The elementary school teachers — in all grades, but particularly in the foundational kindergarten and first grades — work hard at implementing multi-sensory and phonic awareness programs into the preexisting curriculum. The teachers now implement into daily routines the use of Heggerty templates, which is a phonic awareness program, and zoo phonics, which is a program that allows students to associate a letter with an animal.

“We noticed that some of our students needed another toolbox to put the sound to the symbol… and seeing a letter is just another symbol, but then we have to attach what the sound is, so we began using zoo phonics, which is a way for students to see a letter, and that animal has a sound and a movement,” said Burke.

First-grade teacher Cameron Croisant spoke about “secret stories” that the first-graders move into. Secret stories fast-track the critical “code-based” phonics skills needed to read and write.

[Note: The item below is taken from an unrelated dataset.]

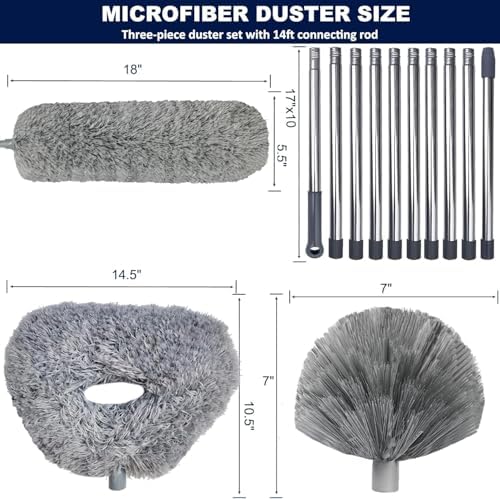 Tonmp 3 Pack 20+ Feet High Reach Grey Microfiber Feather Duster with 3-14 ft Spliceable Pole Cobweb Duster for Cleaning Fan, Spider Web, High Ceiling, Blinds, Furniture Cleaning Tool Kit, Gray - Image 2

“We take that great foundation a step further with secret stories, which involves sort of cracking the code and really integrating that science of reading research, and keeping reading interactive, and we see that carry over into their writing,” said Croisant.

Over the last 15 years, there has been a huge increase in brain research focused on the science of reading, and it is clear that learning to read is foundational for many other subjects. Teachers in Sisters are making themselves aware of the research, and how to respond to what they are seeing with kids, especially at the earlier stages.

“We are looking at how do we do better in what we know now,” said Velikonia.

“The teachers are constantly desiring to grow in their own practice and are constantly researching…doing the work to continue to improve and to grow not as an individual, but as a team, especially at kindergarten and first grade, and bring our knowledge together to do what’s best for the kids, the passion is definitely here,” said Warburg.

Long-term, the teachers at SES want to see students have a love for reading and to encourage students to read at home with their families. Early childhood learning can really boost a student’s love and desire to read.

They work with the SMART reading program getting books into the hands of the kids, and creating an environment to build a love of reading and desire to connect with books.

“We’ve been trying hard to get more books here at kids’ levels so they can really practice and see themselves as readers,” said Velikonia.

They are emphasizing not only the skills but the enjoyment of the written word.